In his final address, the pope appeared to
criticize ultra-conservatives, saying Church leaders should confront
difficult issues "fearlessly, without burying our heads in the sand."
He
said the synod had "laid bare the closed hearts which frequently hide
even behind the Church's teachings or good intentions, in order to sit
in the chair of Moses and judge, sometimes with superiority and
superficiality, difficult cases and wounded families"...
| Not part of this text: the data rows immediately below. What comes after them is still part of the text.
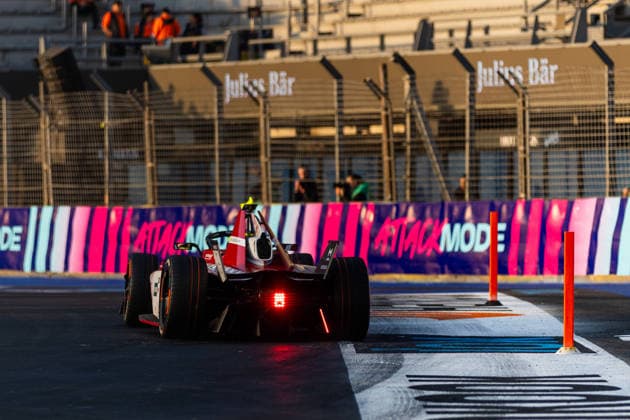 2025 FORMULA E MEXICO CITY ePRIX 01 ROWLAND Oliver (gbr), Nissan Formula E Team, Nissan e-4ORCE 05, action during the the Mexico City Paulo ePrix, 2nd round of the 2025-26 ABB FIA Formula E World Championship, WM, Weltmeisterschaft on the Autodromo Hermanos Rodriguez from January 8 to 10, 2025 in Mexico City, Mexico - Mexico CityMexico  Copyright: xDamienxDoumerguex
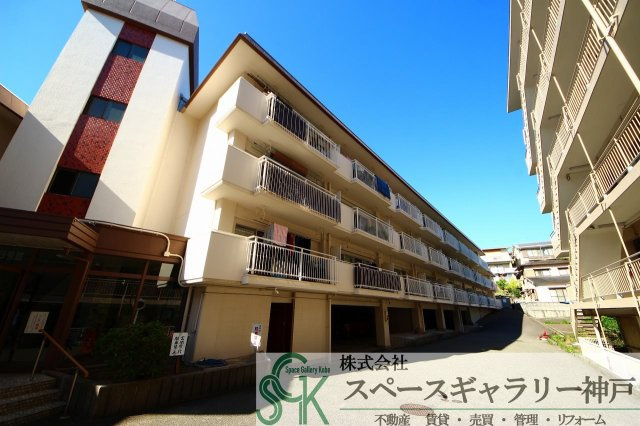 マンション朝霧3号棟の外観パース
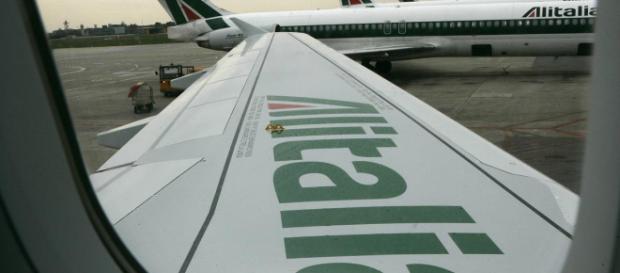 Sciopero di Alitalia e Air Italy lunedì 25 marzo. Sciopero di Alitalia e Air Italy lunedì 25 marzo.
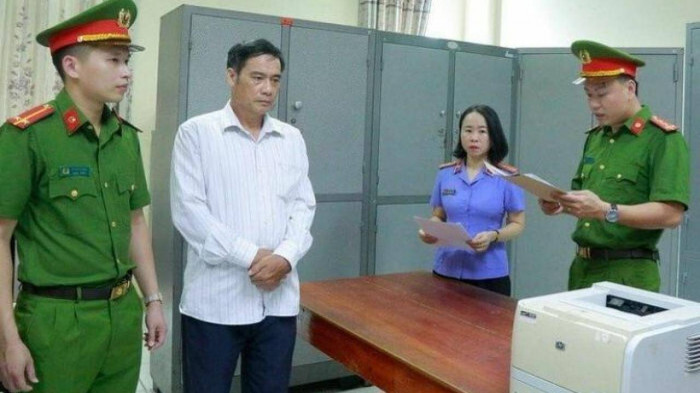 Hà Tĩnh: Khởi tố, bắt tạm giam cựu chủ tịch xã vì lạm quyền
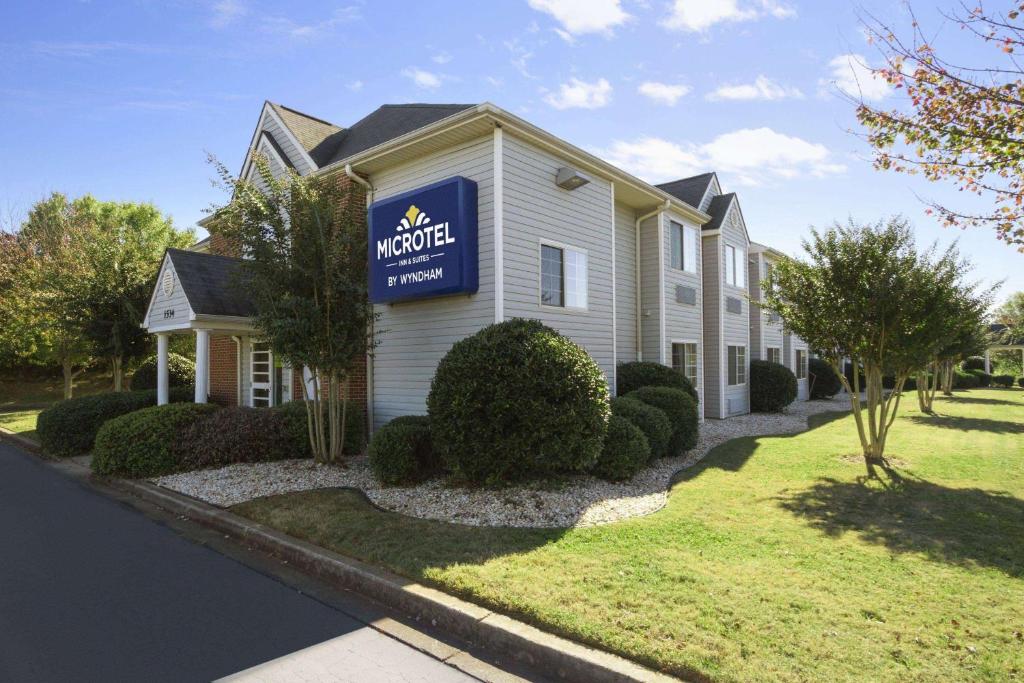 Microtel Inn by Wyndham Spartanburg Duncan - main image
The synod document did offer some hope for the
full re-integration into the Church of some Catholics who divorce and
remarry in civil ceremonies.
Under
current Church doctrine they cannot receive communion unless they
abstain from sex with their new partner, because their first marriage is
still valid in the eyes of the Church and they are seen to be living in
an adulterous state of sin.
They
only way such Catholics can remarry is if they receive an annulment, a
ruling that their first marriage never existed in the first place
because of the lack of certain pre-requisites such as psychological
maturity or free will.
The
document spoke of a so-called "internal forum" in which a priest or a
bishop may work with a Catholic who has divorced and remarried to decide
jointly, privately and on a case-by-case basis if he or she can be
fully re-integrated.
"In order for this
happen, the necessary conditions of humility, discretion, love for the
Church and her teachings must be guaranteed in a sincere search for
God's will," the document said.
Tally
sheets showed that the three articles on the divorced and re-married
were the most fought-over, reaching the two-thirds majority needed to
remain in the document by only a few votes each. One passed by only one
vote... (continued)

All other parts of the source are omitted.